2 of 6 nodes in pending state for a very long time, so that I can’t rebalance the cluster nor remove nodes.
This happended while I am doing online-upgrading from 2.2.0 CE to 3.0.1 CE for 3 nodes.
My cloud server cost increases (cause of the 3 extra servers), but I do not know how to handle this.
Can anyone give me a few tips for me?
Apologies for the delayed response. do you still need help?
Looks like the pending servers are warming up at the moment (high cpu utilization). Were they restarted? could you share the logs as well?
Actually, I have another critical problem.
I force-stopped 3 of 2.2.0 CE nodes and off-line upgrade to 3.0.1 CE and tried rebalancing the cluster.
The 3 of old nodes (previously 2.2.0 CE) have 50GB disk. (whose disk usage was 91% before rebalancing)
The 3 of new nodes (3.0.1 CE) have 200GB disk.
I marked the 3 old nodes as ‘Remove’ and performed ‘Rebalance’.
I expected the data from 3 old nodes goes into the new nodes.
But after a few hours, 2 of the 3 old nodes (50GB), went down because of disk full.
And I couldn’t understand the situation.
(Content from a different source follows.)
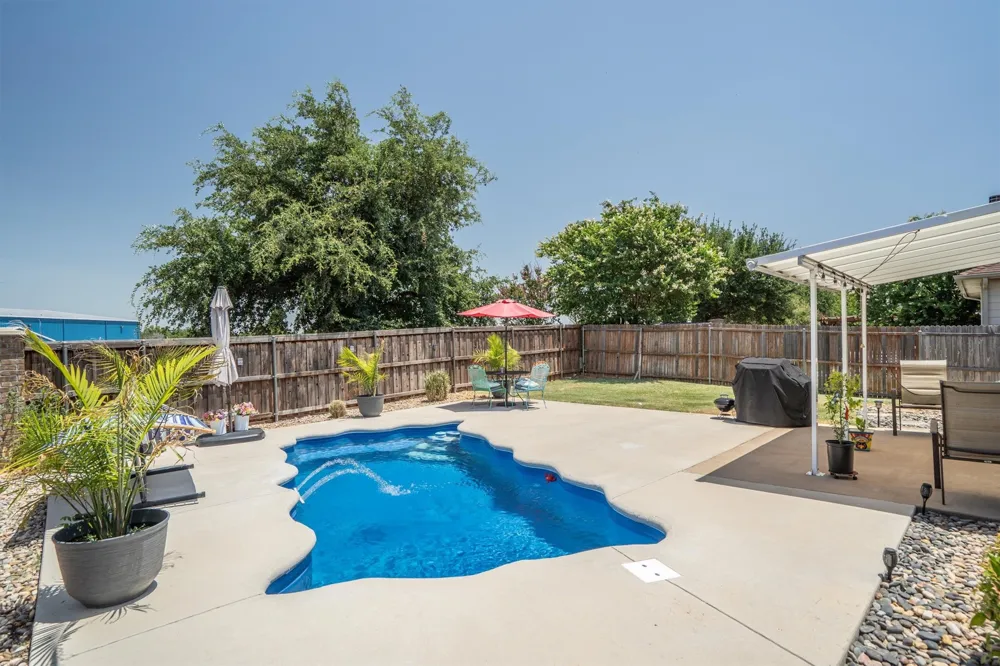 499 Grayson Lane Lake Dallas, TX 75065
How could disk usage for old nodes (marked as ‘Remove’) go up when rebalancing?
2 dead nodes didn’t go back up so I had to fail them over. (loosing data within them)
Now I have 1 more 50GB node to remove, and I am afraid that the same thing would happend.
Am I missing something here?
How could I properly rebalance the cluster and safely remove 50GB node from the cluster?
I am also seeing this behaviour in Version: 3.0.2-1603 Enterprise Edition (build-1603).
We use couchbase server in production in MakeMyTrip.
Could you please provide more help in this. Out of 25, 14 servers are in pending state.
Please advise what needs to be done.